Почувствовав резкий толчок в спину, Аннеке едва не падает, но упершись коленом в землю, заставляет себя подняться на ноги. Боли она не чувствует. Зойи кричит. Слава Богу, хоть не выронила. Подняв глаза, она видит впереди высокую серую стену, которая вначале кажется ей крепостью, стоящей прямо посреди равнины. Марна-Сигёл. Еловая роща, которую потомки ксайлахских лучников прозвали 'Чёрной'. Марна-Сигёл – это на их языке...

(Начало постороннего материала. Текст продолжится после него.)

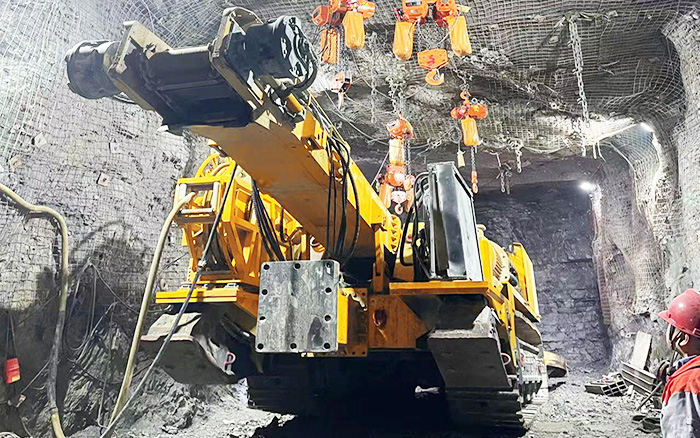 掘进磷矿！币游XTR7/360掘进机点磷成金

Шатаясь, она входит в рощу, как под своды пещеры. Почва под её ногами рыжевато-бурая от опавшей хвои, вершины елей тонут в тумане, с ветвей срываются капли воды. Чувствуя, что ноги её слабеют, Аннеке осторожно кладёт ребёнка на землю и сама в изнеможении валится рядом. Хвоя кажется ей мягкой, как перина. Зойи кричит. Тише, тише, дитя. Мама сейчас поднимется и подойдёт к тебе. Дай только отдышаться. Хоть чуточку. Нам идти ещё три мили, через лес. Дорога ровная, но в конце придётся подниматься в гору. «Вы видели когда-нибудь этот монастырь? – слышит она голос Альбина. – Ничего такой, стоит на вершине скалы. Она поднимается над лесом, как утёс над морем. Что-то в этом есть».
"Альбин!.."
"Однако в Семгалене вам лучше не задерживаться. Тут и так межусобица, а старушенция наверняка полезет в драку за своего Ахмистринчика. Я б вам так посоветовал – отдохните пару дней в монастыре, а потом двигайте в Эверон и Антраум. Дуумвират не выдаст вас Августе, это не в их интересах..."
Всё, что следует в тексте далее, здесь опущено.